**** Data extracts

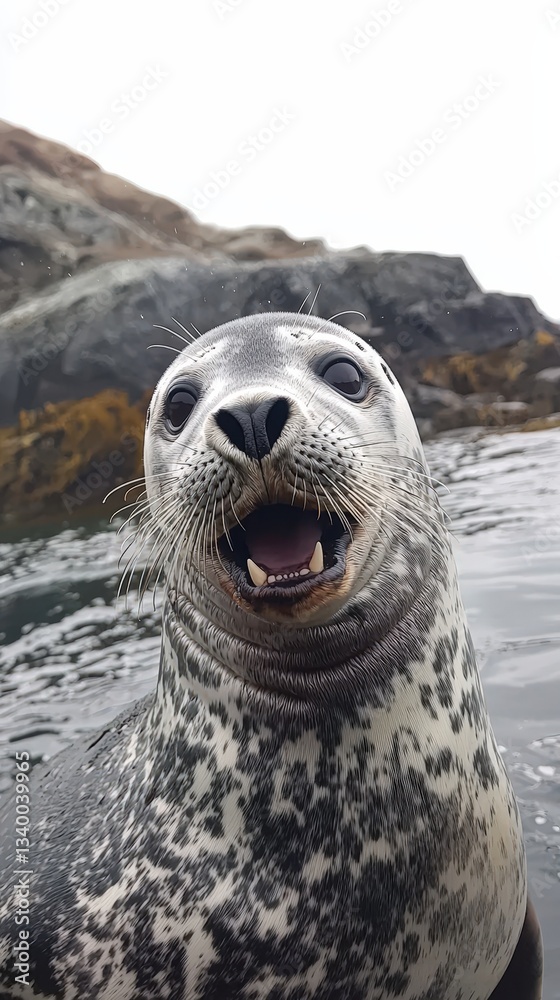 Obraz premium A seal in its natural habitat in Greenland, representing Arctic fauna, surrounded by icy waters and the harsh yet stunning polar environment. .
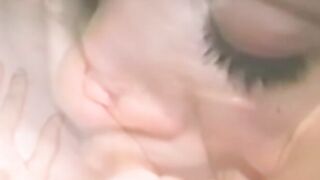 Amateur muff divers lick each other and use a giant dildo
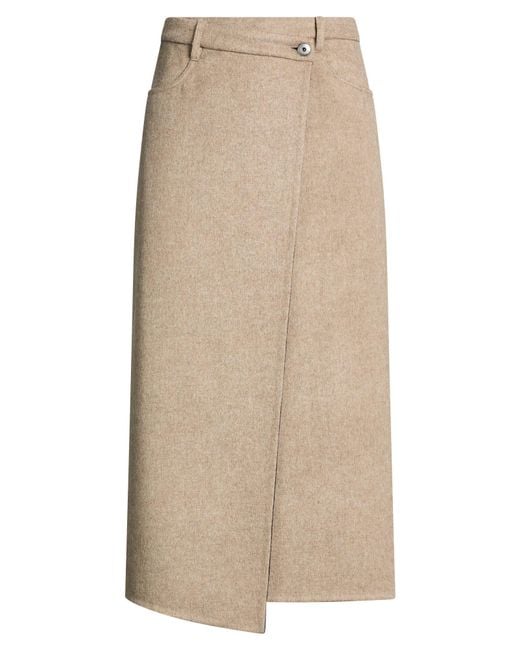 Brunello Cucinelli Natural Midi Skirt Virgin Wool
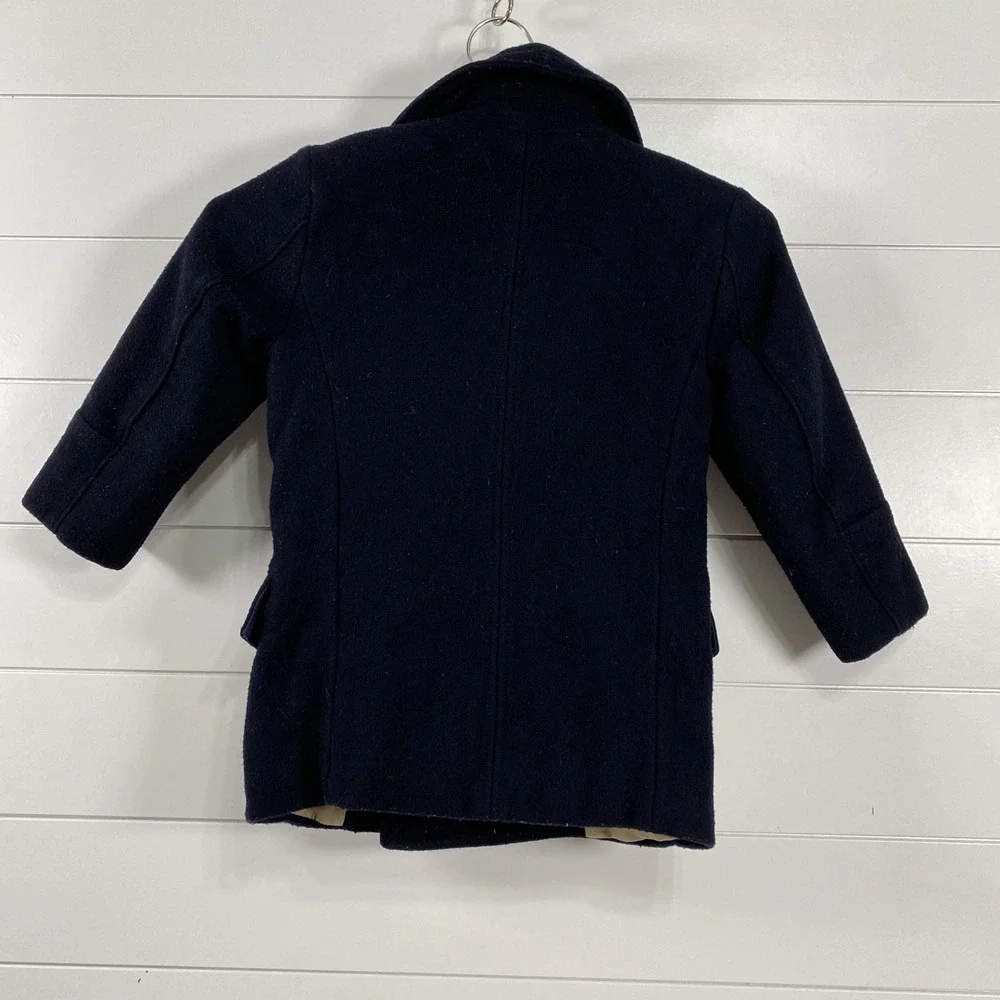 GapKids Coat Youth XS 4-5 Navy Wool Blend Peacoat Double Breasted Pockets Winter
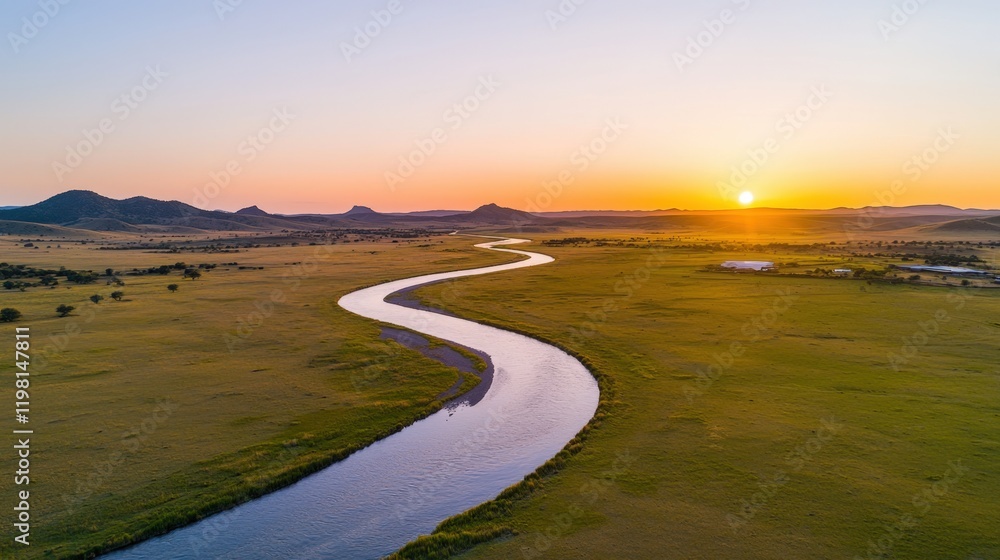 Valley meadow and expansive, A serene sunset over a winding river amidst green fields and distant hills, capturing the beauty of nature. Valley meadow and expansive, A serene sunset over a winding river amidst green fields and distant hills, capturing the beauty of nature.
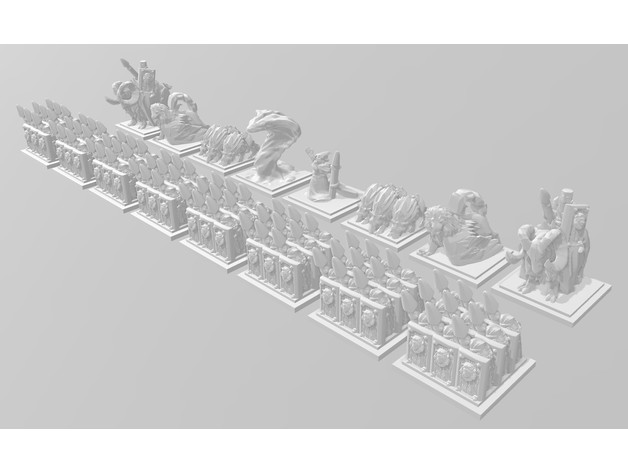 fantasía batallas ajedrez conjunto asadexes 3D print model - Mito3D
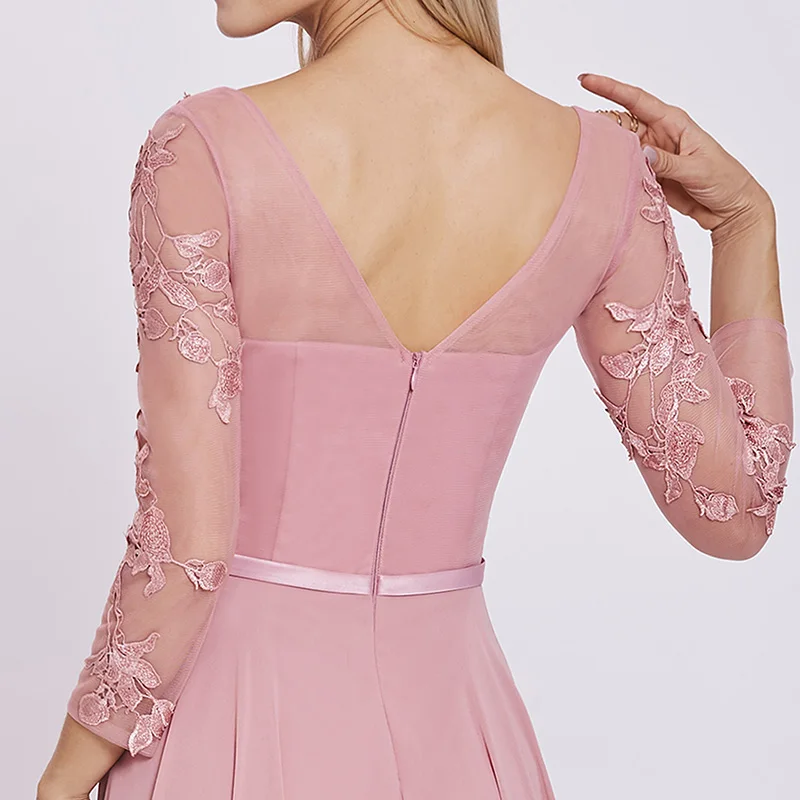 Tanpell аппликациями вечернее платье элегантный Персик с длинными рукавами Длина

********

Instructions for the task — Once the pictures are dropped, repeat the data above exactly.

Answer to this task —
 Obraz premium A seal in its natural habitat in Greenland, representing Arctic fauna, surrounded by icy waters and the harsh yet stunning polar environment. .
 Amateur muff divers lick each other and use a giant dildo
 Brunello Cucinelli Natural Midi Skirt Virgin Wool
 GapKids Coat Youth XS 4-5 Navy Wool Blend Peacoat Double Breasted Pockets Winter
 Valley meadow and expansive, A serene sunset over a winding river amidst green fields and distant hills, capturing the beauty of nature. Valley meadow and expansive, A serene sunset over a winding river amidst green fields and distant hills, capturing the beauty of nature.
 fantasía batallas ajedrez conjunto asadexes 3D print model - Mito3D
 Tanpell аппликациями вечернее платье элегантный Персик с длинными рукавами Длина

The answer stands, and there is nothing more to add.